:: Work required ::
The answer must consist of every line below that holds the word "their".

═════ Source data ═════

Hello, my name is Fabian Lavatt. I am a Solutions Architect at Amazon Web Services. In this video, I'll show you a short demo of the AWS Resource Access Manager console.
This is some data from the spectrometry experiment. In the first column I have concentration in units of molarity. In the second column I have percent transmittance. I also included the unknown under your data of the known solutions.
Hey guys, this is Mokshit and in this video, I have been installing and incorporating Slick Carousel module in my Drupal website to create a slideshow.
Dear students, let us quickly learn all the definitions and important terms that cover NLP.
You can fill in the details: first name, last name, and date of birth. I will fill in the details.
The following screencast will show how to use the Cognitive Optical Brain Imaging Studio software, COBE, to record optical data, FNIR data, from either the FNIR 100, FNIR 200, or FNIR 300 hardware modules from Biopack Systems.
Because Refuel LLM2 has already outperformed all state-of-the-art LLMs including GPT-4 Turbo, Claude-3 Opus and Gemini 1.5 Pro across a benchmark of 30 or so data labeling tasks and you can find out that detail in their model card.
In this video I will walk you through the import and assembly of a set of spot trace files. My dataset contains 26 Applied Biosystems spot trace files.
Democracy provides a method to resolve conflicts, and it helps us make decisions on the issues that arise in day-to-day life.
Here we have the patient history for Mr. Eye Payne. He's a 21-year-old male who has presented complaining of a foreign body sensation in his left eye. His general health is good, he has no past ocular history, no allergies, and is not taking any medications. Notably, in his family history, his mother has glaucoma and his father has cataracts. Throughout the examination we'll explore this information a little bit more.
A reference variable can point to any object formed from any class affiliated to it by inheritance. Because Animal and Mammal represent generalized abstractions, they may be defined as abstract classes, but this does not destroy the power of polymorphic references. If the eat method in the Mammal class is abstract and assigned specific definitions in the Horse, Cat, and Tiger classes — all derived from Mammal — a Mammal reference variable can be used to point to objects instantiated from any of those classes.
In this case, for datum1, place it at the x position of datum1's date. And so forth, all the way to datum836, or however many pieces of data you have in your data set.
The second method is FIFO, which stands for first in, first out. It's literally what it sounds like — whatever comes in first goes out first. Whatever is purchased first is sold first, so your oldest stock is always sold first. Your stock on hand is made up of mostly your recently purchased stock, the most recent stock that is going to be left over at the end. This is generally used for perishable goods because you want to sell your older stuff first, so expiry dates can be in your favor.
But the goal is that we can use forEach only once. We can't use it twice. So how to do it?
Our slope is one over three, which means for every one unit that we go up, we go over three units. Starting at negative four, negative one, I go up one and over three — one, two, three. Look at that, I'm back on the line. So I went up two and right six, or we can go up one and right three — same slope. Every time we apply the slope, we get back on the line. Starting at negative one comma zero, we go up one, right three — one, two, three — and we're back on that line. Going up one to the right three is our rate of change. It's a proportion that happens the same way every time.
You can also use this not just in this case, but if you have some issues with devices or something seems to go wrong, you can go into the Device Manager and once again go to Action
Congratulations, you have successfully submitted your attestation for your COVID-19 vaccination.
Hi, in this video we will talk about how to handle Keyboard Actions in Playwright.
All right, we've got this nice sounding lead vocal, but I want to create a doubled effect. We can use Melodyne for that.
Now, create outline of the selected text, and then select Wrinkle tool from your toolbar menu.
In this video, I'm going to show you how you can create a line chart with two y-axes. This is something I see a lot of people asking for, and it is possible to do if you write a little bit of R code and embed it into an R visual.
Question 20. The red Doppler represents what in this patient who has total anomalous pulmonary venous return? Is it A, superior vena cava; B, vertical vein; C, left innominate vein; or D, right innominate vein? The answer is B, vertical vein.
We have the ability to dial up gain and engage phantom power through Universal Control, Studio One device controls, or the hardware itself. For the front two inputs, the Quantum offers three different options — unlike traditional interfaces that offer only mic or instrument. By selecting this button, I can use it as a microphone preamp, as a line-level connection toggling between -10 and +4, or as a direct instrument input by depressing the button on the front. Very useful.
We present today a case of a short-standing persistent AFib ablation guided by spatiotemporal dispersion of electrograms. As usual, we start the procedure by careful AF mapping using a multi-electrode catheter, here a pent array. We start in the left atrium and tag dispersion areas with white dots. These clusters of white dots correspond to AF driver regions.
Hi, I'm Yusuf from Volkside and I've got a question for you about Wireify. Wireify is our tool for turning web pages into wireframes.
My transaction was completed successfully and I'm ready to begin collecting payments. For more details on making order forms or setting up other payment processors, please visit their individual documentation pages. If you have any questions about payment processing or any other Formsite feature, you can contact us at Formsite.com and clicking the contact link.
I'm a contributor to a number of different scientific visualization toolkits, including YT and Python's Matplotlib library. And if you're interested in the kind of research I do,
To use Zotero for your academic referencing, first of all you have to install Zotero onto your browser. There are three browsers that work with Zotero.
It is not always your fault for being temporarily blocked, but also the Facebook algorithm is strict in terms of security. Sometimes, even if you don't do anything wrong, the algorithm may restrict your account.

═════

:: Worked solution ::
Because Refuel LLM2 has already outperformed all state-of-the-art LLMs including GPT-4 Turbo, Claude-3 Opus and Gemini 1.5 Pro across a benchmark of 30 or so data labeling tasks and you can find out that detail in their model card.
My transaction was completed successfully and I'm ready to begin collecting payments. For more details on making order forms or setting up other payment processors, please visit their individual documentation pages. If you have any questions about payment processing or any other Formsite feature, you can contact us at Formsite.com and clicking the contact link.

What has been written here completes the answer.